“Most of the people that become a journalist are highly motivated to be a journalist from the ground up. And so it’s not uncommon to find people who are very well educated, very well-traveled, and then when get into the journalism world, then you kind of specialize.

I’m the opposite. I came in backwards.”

Alain Stephens is the western correspondent for The Trace, an online newsroom that investigates gun violence in America. He’s been with them for nearly 4 years and is based in San Diego.

Alain has a background in law enforcement, military, and sociology – not your typical journalism path. He’s a graduate of the University of North Texas who served in both the Coast Guard and Air Force. And he is a gun owner.

Here are three things I learned from my conversation with him. You can hear the full interview here:

1)An advocate for transparency

“As journalists, we, we are not supposed to advocate, right? For policy. We’re not supposed to advocate for any sort of pro/con, whatever? But one of the things that I had this really great journalist tell me is that you can always advocate for transparency.

You can always advocate for truth. And so one of the reasons that I kind of gravitated towards gun reporting was because my first investigation, I was looking for information and, and I was just told this information used to be publicly available. But lobbyists essentially decided to block it from the American public.”

It used to be something to get on CD ROM for $5, and then after 2003, it is now some of the most secretive information and it kind of hit me at this moment where America was having this conversation in dark. We’re talking about gun violence. We’re talking about something that kills a lot of people, where you’re having all these people die, and so much of this information was hidden, not because it’s not there, but because it’s by design. People don’t want it out there.”

2)How having been in the military helps him.

“We could always use more working class backgrounds, more people with military backgrounds, more people with different racial backgrounds in journalism.

And, and so there’s always a push to diversify the ranks just for  information gathering purposes. But on top of that, it’s just the right thing to do. You, you can’t preach  fairness or speak truth to power if you don’t have those people in your ranks. And so coming from the military and just coming from being Black and coming from this kind of smaller suburb of Texas  You’re kind of trying to prove yourself right to the ranks of people who went to school for this

And so I think  being in the military besides just the practical of understanding firearms and stuff like that, I also think it gives you a great deal of discipline. I think it gives you a great deal of patience, which is a huge thing in investigative reporting. I think you think a little bit more strategically.

So if I have to wait six or seven months for that interview to come in or that right document to come in, I’ll, I’ll do it. And that’s something I think was born from that military experience.”

3)The reporter-editor relationship is key in a job like this.

“He tries to find stuff that gets me excited. There’s a lot of carrot-stick approaches and I think a lot of editors use the stick, but I luckily have an editor who uses more of the carrot and he lets me decide what that carrot is.

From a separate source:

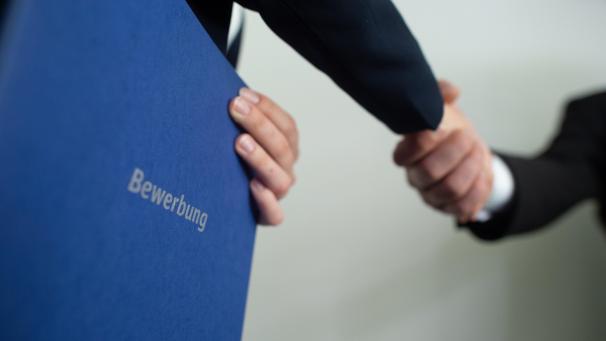 <p>Unia registrierte 2024 in Brüssel 487 Diskriminierungsdossiers – besonders häufig im Bereich Arbeit und Wohnen.</p>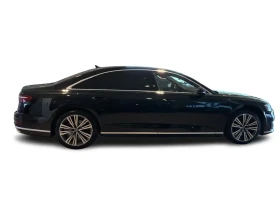 Audi A8 LWB 3.0T quattro 8sp Tiptronic | Executive Pack |  | Mobile.bg � ����� ������ 16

He’s always (asking), what do you feel passionate about? What do you think is the biggest issue? 

His name’s Miles Kohrman, amazing dude. He also protects me and I mean that in a good way because I really care about this, this gun space, and so I can be easily overwhelmed with requests to, to help people and get involved in all sorts of projects and totally get spread too thin.

And so he works very well with saying listen, this is the most important  product. This is the thing that I think you’re going to do best at because you’re you.”